Le commissaire européen chargé des services financiers, Michel Barnier, est favorable à un rééquilibrage des "groupes d'experts" qui conseillent la Commission pour ses initiatives en ce domaine, critiqués car ils comptent trop de représentants de cette industrie.
"J'ai entamé avec mes services une réflexion interne", indique-t-il dans une lettre datée du 1er octobre 2010 au collectif anti-corruption d'organisations non gouvernementales "Alter-EU", (Alliance pour une réglementation de transparence et d'éthique en matière de lobbying), qui est un collectif d'ONG préoccupées par l'influence croissante des lobbyistes sur les politiques européennes. Alter-EU a rendue cette lettre publique le 2 novembre 2010.
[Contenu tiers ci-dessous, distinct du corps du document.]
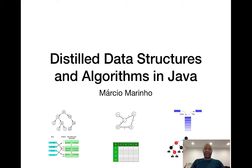Hello guys, Marc Marinho here. Welcome to my Distilled Data Structures and Algorithm course in Java. I'm going to give you a brief introduction about this course.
Cette réflexion vise à "identifier les mesures les plus appropriées pour assurer une représentation adéquate et directe des consommateurs, investisseurs de détail, PME, syndicats et autres représentants de la société civile dans tous les groupes qui conseillent la Commission dans le développement d'initiatives politiques concrètes", précise Michel Barnier dans sa lettre.
Alter-EU avait dénoncé depuis 2009 la prédominance de représentants de l'industrie financière dans les groupes d'experts conseillant la Commission en ce domaine, et dont l'objectivité peut donc être remise en cause. Elle a salué le 2 novembre 2010 "l'ouverture" du commissaire français. ( cliquez ici pour consulter tout le dossier d’Alter-EU)
"Je reste convaincu qu'il faut faire plus pour augmenter la participation active des organisations de la société civile à la définition des politiques du marché intérieur", a encore souligné Michel Barnier dans sa lettre.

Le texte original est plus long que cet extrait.